Everyone Says That at the End of the World
Soft Skull Press

Book Review: Counting Down the Days

by

Above: Everyone Says That at the End of the World
by Owen Egerton
Soft Skull Press (April 2013)

370 pages
$15.95

The biggest surprise in Owen Egerton’s madcap, mildly heretical novel Everyone Says That at the End of the World, which features a crustacean messiah and 28 clones of Jesus of Nazareth, is that it takes religion quite seriously.

The second biggest surprise is that during the apocalypse, an army of nutria will rise from Lady Bird Lake and kill us all. I didn’t even know we had nutria.

But then, in the terms of Egerton’s eschatology, there’s a lot we don’t know about our world, including the fact that it’s a holding tank for lunatics run by aliens. Cheerfully pessimistic, Egerton sets the timer for goodbye on the very first page and lets it tick down the days on a globe teeming with amiable weirdos. His hero, a neurotic Austin sad-sack named Milton, sees visions of Earth’s impending doom, but, anxious about his girlfriend Rica’s pregnancy and tormented by memories of his father’s fatal obsession with the “many worlds” theory of physics (and not unrelated mental breakdown), Milton doesn’t make the most reliable prophet.

Meanwhile, an arrogant television actor with a distant tie to Rica leaves Los Angeles in search of redemption; elsewhere, a hermit crab scuttles. That these characters will meet eventually in Marfa seems somehow a foregone conclusion, but as Milton’s physicist father would remind us, Marfa is the navel of the apocalypse in only one world. A few worlds over, it’s probably Cleveland.

Egerton has a gift for wrenching real emotion out of scenarios as ludicrous as a hermit crab’s romance with a cereal box prize. The book’s best and funniest moments, however, have to do with the experience of faith. In a book full of saints and hypocrites, Egerton reserves his tenderest mockery for the young, who fall in and out of love with religion as easily as they do with one another, and often at the same time. Young Milton’s quest for meaning leads him to a brief but successful career as a Christian rock star, and the character is never more alive than when he’s earnestly writing lyrics for a concept album based on Revelations, hoping to elevate Christian rock to the standards of the Beach Boys’ Smile. Even when he’s channeling a fatuous youth leader at a Fellowship of Christian Athletes retreat, Egerton sympathizes with his characters’ yearnings for something more. Though a satirist, he is never a cynic.
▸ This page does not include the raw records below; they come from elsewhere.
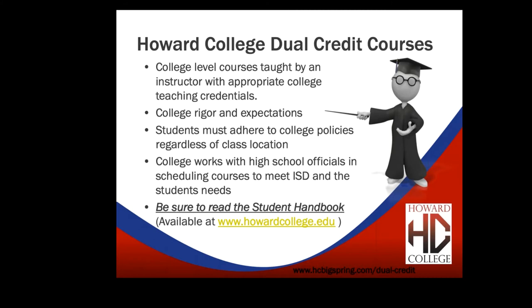Students must adhere to college policies regardless of class location. The state of Texas sees all dual credit students as college students, not high school students. Many rules and regulations are different for college than high school. The college works with high school officials to meet the classes needed for high school credits, and possibly a certificate or associate's degree. Big Spring High School currently has six or seven students who will likely earn their associate's degree before their high school diploma. Be sure to read the student handbook.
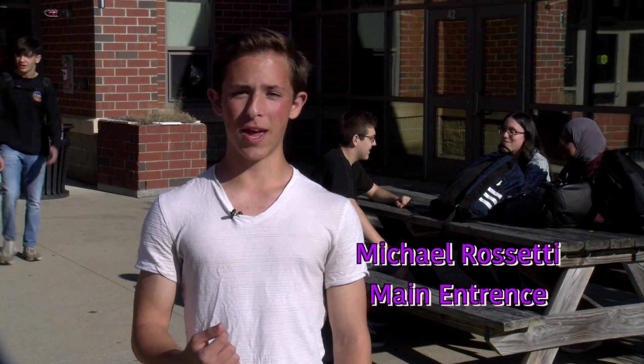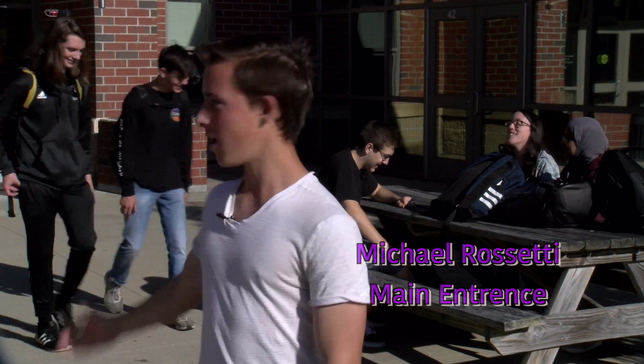Welcome to Nashville High School South. My name is Michael Rossetti. Today I'll be taking you on a tour of Nashville South.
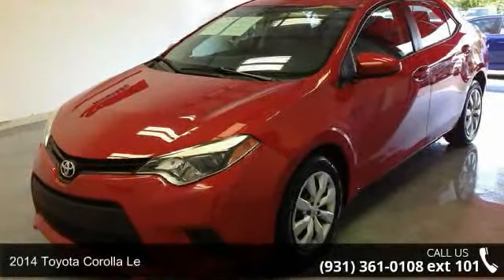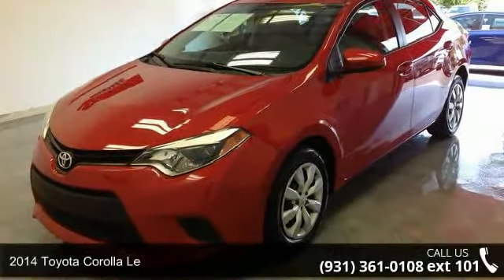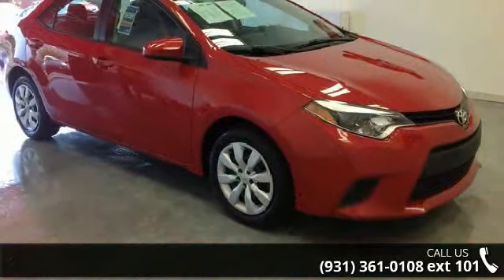Imagine yourself in this 2014 Toyota Coralina. If you are looking for an automobile with great features, look no further.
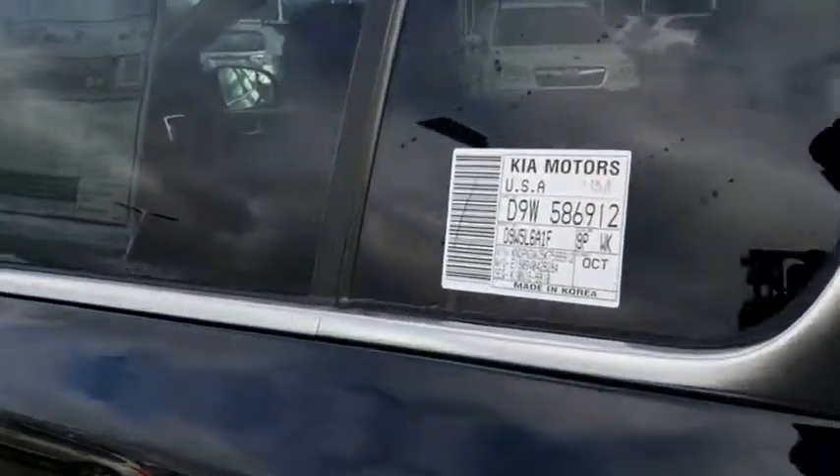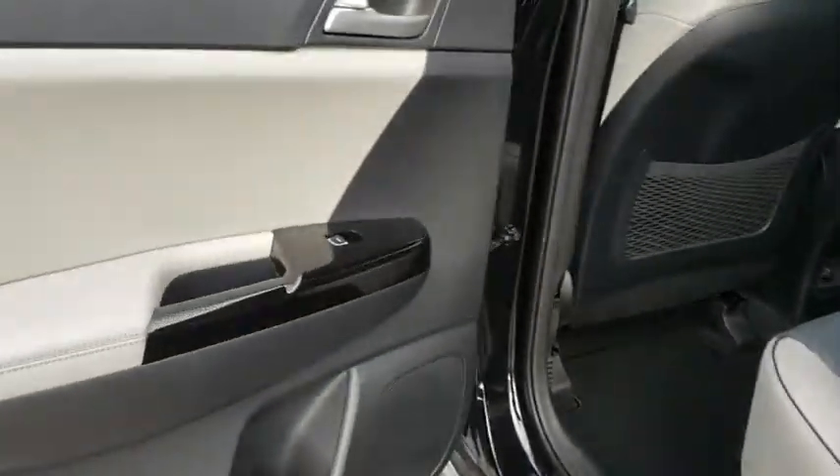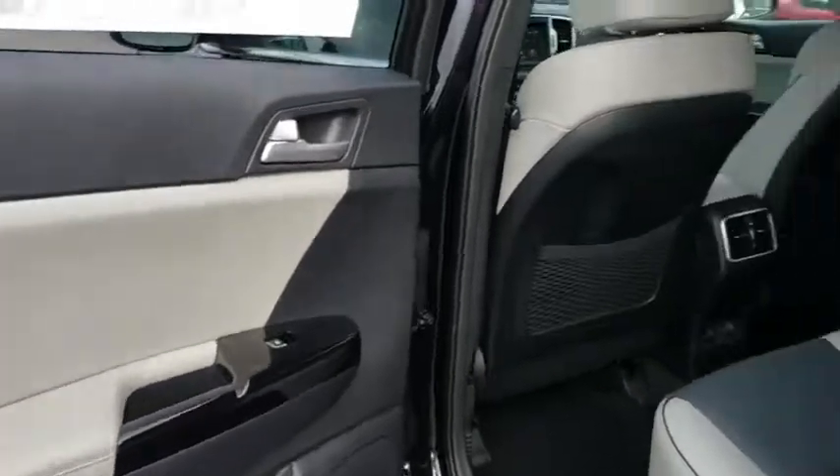If affordable style and reliability are what you're looking for, this vehicle couldn't be more perfect. Drive it today.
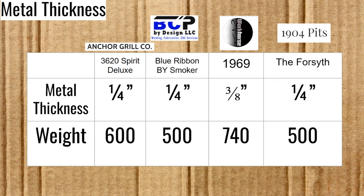Now for upgrades: only Workhorse Pits has a cover available, for $234. 1904 Pits says they are working on getting a cover available. Anchor Grill Company and Blue Collar Smokers have no upgrades listed beyond the upper shelf option for the 1904 Pits.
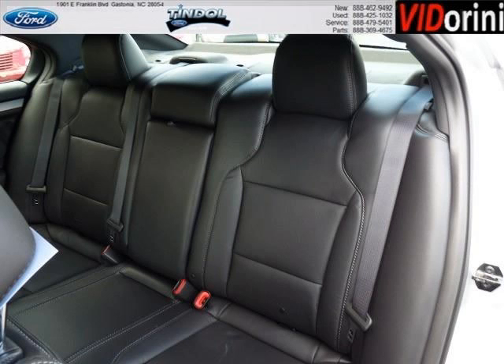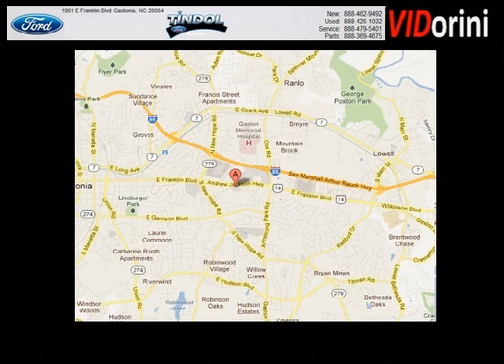Come in today and take a look for yourself. Tyndall Ford is the dealership for you, conveniently located in Gastonia, North Carolina off of East Franklin Boulevard.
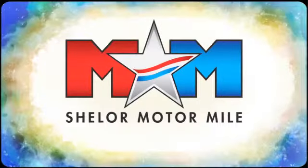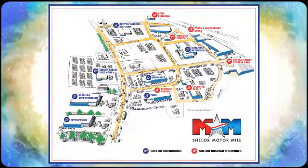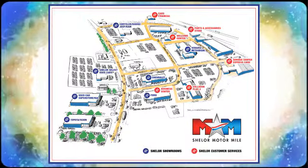So come visit us on the Motor Mile, where you're always a name and never a number. Call, click, or stop in. We're conveniently located at 200 Motor Lane in Christiansburg, Virginia.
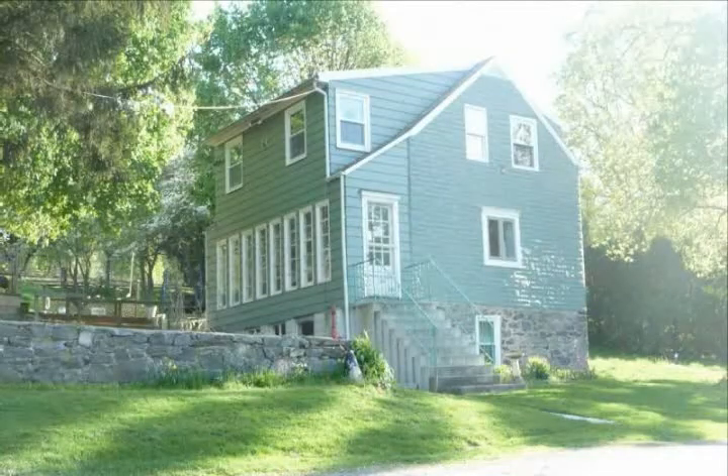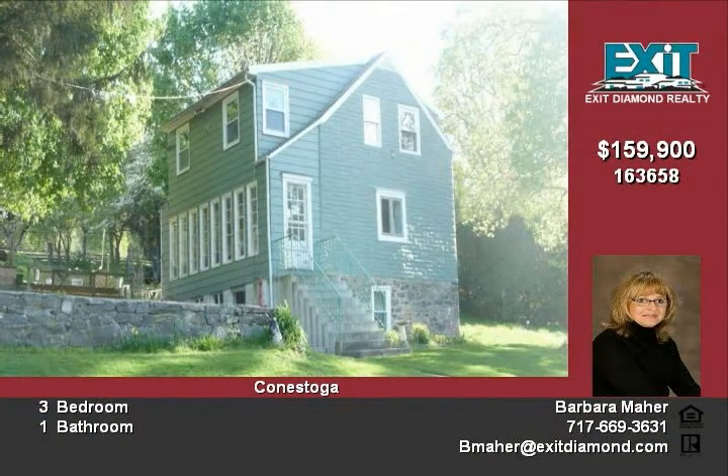Stone farmhouse with remodeled bank barn on one acre with great farmland views from bright sunroom. In the country yet convenient, only 7 miles from city.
In a novel of such generosity, it’s a little disappointing to find that Rica, dignified and occasionally heroic, is motivated solely by the contents of her uterus, and more than a little unfair that her slacker boyfriend is given all the answers. Regardless, the real love story is the one between Milton and his best friend Roy, an understated yet incredibly lovable creation. If the end of the world happens the way Egerton thinks it will, I hope to have a Roy by my side, and a book as funny and sweet as this one to read away the end of days.